Le problème persiste
Bien que le problème de la répression des journalistes soit très répandu au Québec, des histoires semblables ont aussi été rapportées dans d’autres régions du pays. En 2013, Miles Howe, un journaliste de la Media Coop d’Halifax, a été arrêté à trois reprises alors qu’il couvrait les manifestations contre la fracturation à proximité de la communauté Mi’kmaq d’Elsipogtog, au Nouveau-Brunswick. Un tel musellement des médias d’information, et en particulier des journalistes indépendants, semble correspondre à une stratégie délibérée de la police visant à empêcher l’examen public légitime de tactiques militarisées constitutionnellement discutables, qui semblent davantage conçues pour supprimer la dissidence que pour maintenir la paix.
Dans son plus récent rapport portant sur le Canada, la Commission des droits de l’homme des Nations unies s’inquiète de l’usage excessif de la force lors des manifestations et exhorte le gouvernement fédéral à « redoubler d’efforts pour que toutes les allégations de mauvais traitements et d’usage excessif de la force par la police fassent rapidement l’objet d’une enquête impartiale confiée à des organes de contrôle forts et indépendants, dotés de ressources suffisantes à tous les niveaux, et pour que les auteurs de ces violations soient poursuivis et dûment sanctionnés ». Pourtant, malgré les préoccupations exprimées partout au pays quant aux effets des violations importantes et récurrentes des libertés fondamentales commises par les services policiers, les gouvernements restent muets sur la question.
Au fil des ans, les journalistes sont devenus à la fois des témoins et des cibles collatérales de ces violations. Le 1er mai 2000, trois journalistes ont été arrêtés et détenus lors d’une des toutes premières arrestations de masse à Montréal, un incident que la présidente de la FPJQ avait alors qualifié de « une bavure grave et intolérable des forces policières ». Seize ans plus tard, un tel comportement de la part de la police est devenu habituel. « S’il n’y a plus de respect pour les journalistes, on est foutus », met en garde Annick MH de Carufel, qui voit dans la restriction de sa propre liberté en tant que photographe le signe d’une érosion plus générale du droit constitutionnel à la libre expression.
Une version anglaise de ce texte a été publiée dans la Review of Free Expression in Canada, lancée par Canadian Journalists for Free Expression dans le cadre de la Journée mondiale de la liberté de presse.

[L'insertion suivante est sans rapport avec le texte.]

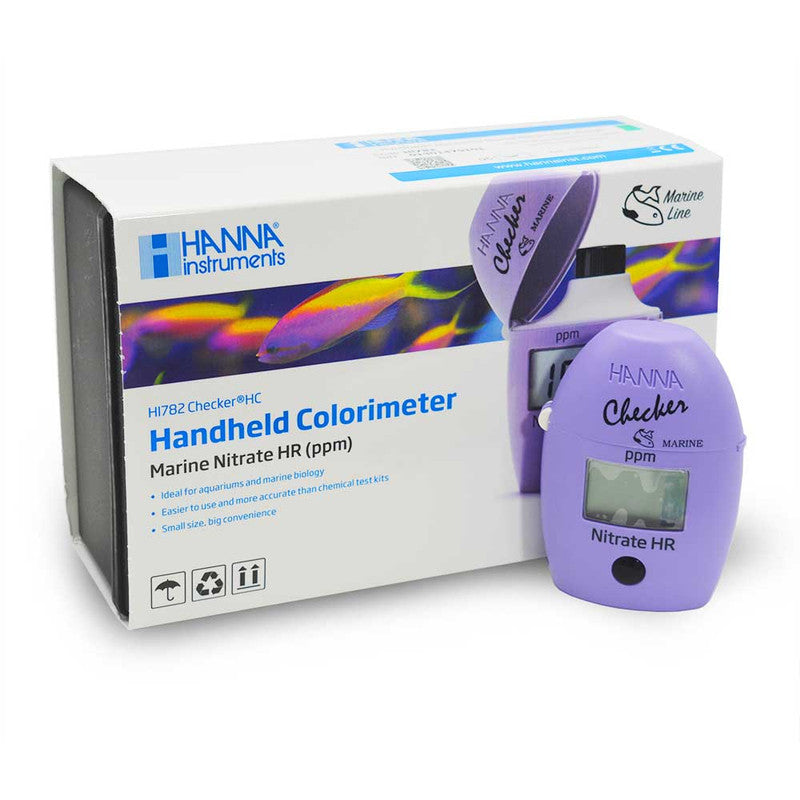 Hanna Instruments Marine Nitrate High Range Checker HC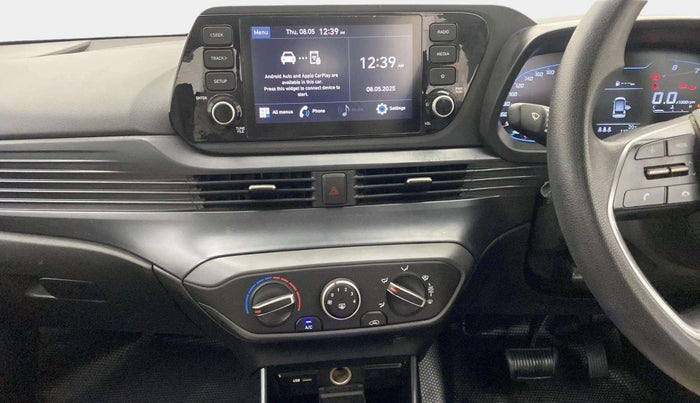 2023 Hyundai NEW I20 Sportz 1.2 IVT, Petrol, Automatic, 11,759 km, Air Conditioner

“Pourtant, malgré les préoccupations exprimées partout au pays quant aux effets des violations importantes et récurrentes des libertés fondamentales commises par les services policiers, les gouvernements restent muets sur la question. OU ” Pourquoi les politiciens défendent-ils systématiquement la police (à l’occasion il peut y avoir un bouc émissaire – ex: agente 728) et restent muets? – la police (en fait les forces militaires) sont le dernier rempart du pouvoir politique sur le peuple. Ils ne sont tout de même pas pour se tirer dans le pied. Logique et rationnel.